Syaikhul Islam Muhammad bin ‘Abdul Wahhâb rahimahullah menjelaskan hakikat perbuatan syirik yang diperangi oleh semua rasul yang diutus oleh Allâh Azza wa Jalla, beliau berkata:
“Ketahuilah, semoga Allâh merahmatimu, sesungguhnya (hakekat) tauhid adalah mengesakan Allâh Subhanahu wa Ta'ala dalam beribadah. Inilah agama (yang dibawa) para rasul yang diutus oleh Allâh Azza wa Jalla kepada umat manusia.
Rasul yang pertama adalah (nabi) Nûh Alaihissallam yang diutus oleh Allâh kepada kaumnya ketika mereka bersikap ghuluw (berlebihan dan melampaui batas dalam mengagungkan) orang-orang yang shaleh (di kalangan mereka, yaitu) Wadd, Suwâ’, Yaghûts, Ya’ûq dan Nasr. [Ini adalah nama-nama orang shaleh dari umat Nabi Nûh Alaihissallam , yang kemudian setelah mereka wafat, kaumnya menjadikan patung-patung mereka sebagai sembahan selain Allâh k . Lihat QS Nûh/71:23]

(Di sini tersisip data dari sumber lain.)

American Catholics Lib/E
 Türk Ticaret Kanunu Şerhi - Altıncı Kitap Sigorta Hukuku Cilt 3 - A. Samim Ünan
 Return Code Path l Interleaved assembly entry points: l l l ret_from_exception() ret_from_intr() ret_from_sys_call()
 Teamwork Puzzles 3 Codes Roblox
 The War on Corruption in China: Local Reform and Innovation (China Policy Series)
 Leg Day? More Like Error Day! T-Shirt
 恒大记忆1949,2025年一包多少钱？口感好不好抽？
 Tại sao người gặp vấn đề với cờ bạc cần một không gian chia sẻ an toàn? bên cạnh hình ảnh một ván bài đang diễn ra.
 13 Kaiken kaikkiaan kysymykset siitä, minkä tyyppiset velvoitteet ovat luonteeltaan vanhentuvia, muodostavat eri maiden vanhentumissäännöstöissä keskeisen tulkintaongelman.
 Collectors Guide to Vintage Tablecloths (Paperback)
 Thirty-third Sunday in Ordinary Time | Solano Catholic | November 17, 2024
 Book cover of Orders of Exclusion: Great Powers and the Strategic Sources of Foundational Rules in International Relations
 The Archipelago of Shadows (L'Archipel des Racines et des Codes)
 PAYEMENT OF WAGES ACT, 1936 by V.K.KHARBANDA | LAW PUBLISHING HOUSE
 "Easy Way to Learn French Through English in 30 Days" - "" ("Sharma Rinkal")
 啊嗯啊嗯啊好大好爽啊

Rasul yang terakhir, Nabi Muhammad Shallallahu 'alaihi wa sallam, dialah yang menghancurkan gambar-gambar (patung-patung) orang-orang shaleh tersebut. Beliau Shallallahu 'alaihi wa sallam diutus oleh Allâh kepada kaum (orang-orang musyrik) yang selalu beribadah, berhaji, bersedekah dan banyak berzikir kepada Allah, akan tetapi mereka (berbuat syirik dengan) menjadikan makhluk sebagai perantara antara mereka dengan Allâh (dalam beribadah). Mereka mengatakan: “Kami menginginkan melalui perantara-perantara makhluk itu agar lebih dekat kepada Allah, dan kami menginginkan syafa’at mereka di sisi-Nya”. (Perantara-perantara tersebut adalah) seperti para malaikat, Nabi Isa bin Maryam, dan orang-orang shaleh lainnya.
Maka Allâh Azza wa Jalla mengutus Nabi Muhammad Shallallahu 'alaihi wa sallam untuk memperbaharui (memurnikan kembali) ajaran agama yang pernah dibawa oleh Nabi Ibrâhîim Alaihissallam (yaitu ajaran tauhid) dan menyerukan kepada mereka bahwa bentuk pendekatan diri dan keyakinan seperti ini adalah hak Allâh yang murni (khusus bagi-Nya) dan tidak boleh diperuntukkan sedikit pun kepada selain-Nya, meskipun itu malaikat atau nabi utusan-Nya, apalagi yang selainnya”.